For the complete transcript of the earnings call, please refer to the full earnings call transcript.

Positive Points

  • Greggs PLC (GGGSF) achieved record sales of over 2 billion pounds in 2024, marking an 11% total sales growth.

  • The company reported a strong profit delivery with underlying pre-tax profits of 189.8 million pounds, a growth of 13.2%.

  • Greggs PLC (GGGSF) opened 226 new shops in 2024, resulting in a net growth of 145 shops, with a healthy pipeline for future openings.

  • The evening sales strategy is progressing well, now representing 9% of company-managed shop sales, and delivery sales have grown to 6.7% of sales.

  • The Greggs app has seen significant growth, with 1 in 5 transactions now scanned through the app, enhancing customer engagement and data collection.

Negative Points

  • The trading environment in 2024 was challenging, with low consumer confidence and a static physical market in volume terms.

  • Greggs PLC (GGGSF) faces significant inflationary pressures, particularly in wage costs, with an expected 8% wage inflation in the coming year.

  • The company anticipates a 6% overall cost inflation for 2025, driven by wage and energy costs.

  • Greggs PLC (GGGSF) is entering a peak investment phase, with capital expenditure expected to reach 300 million pounds, impacting cash flow.

  • The company is experiencing higher administrative expenses due to increased investment in technology and ERP systems.

Q & A Highlights

Q: Can you provide more details on the strategic growth drivers and how they are impacting Greggs' performance?
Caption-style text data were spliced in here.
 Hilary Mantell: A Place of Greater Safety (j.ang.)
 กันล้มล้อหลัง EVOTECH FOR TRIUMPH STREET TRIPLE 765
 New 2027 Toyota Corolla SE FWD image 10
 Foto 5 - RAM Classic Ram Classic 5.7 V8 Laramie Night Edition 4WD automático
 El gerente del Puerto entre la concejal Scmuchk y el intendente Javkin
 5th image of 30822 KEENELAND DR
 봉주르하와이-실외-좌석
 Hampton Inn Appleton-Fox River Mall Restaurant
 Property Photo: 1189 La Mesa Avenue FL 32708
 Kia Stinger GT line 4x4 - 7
A: Roisin Currie, CEO, highlighted that Greggs' strategic growth drivers include menu innovation, expanding shop locations, and enhancing digital channels. The introduction of new products like the over-a-drinks range and hot wraps has been successful. The company continues to open new shops, with a focus on underrepresented areas, and is investing in digital capabilities to enhance customer engagement and sales.

Q: How is Greggs managing cost inflation, particularly in terms of wages and food costs? A: Richard Hutton, CFO, explained that Greggs is experiencing cost inflation, especially in wages, with an expected 8% increase. The company is managing this through strategic pricing and cost recovery measures. Food and packaging costs were slightly deflationary last year, and they expect single-digit inflation in the coming year. Greggs aims to maintain its value proposition despite these pressures.

Q: What are the plans for expanding Greggs' shop network, and how are new locations performing? A: Roisin Currie stated that Greggs plans to open 140 to 150 new shops in the coming year, with a focus on areas where they are underrepresented. New shops are delivering strong returns, typically achieving a 25% return on investment within two years. The company is also relocating and refurbishing existing shops to better serve customers and enhance sales.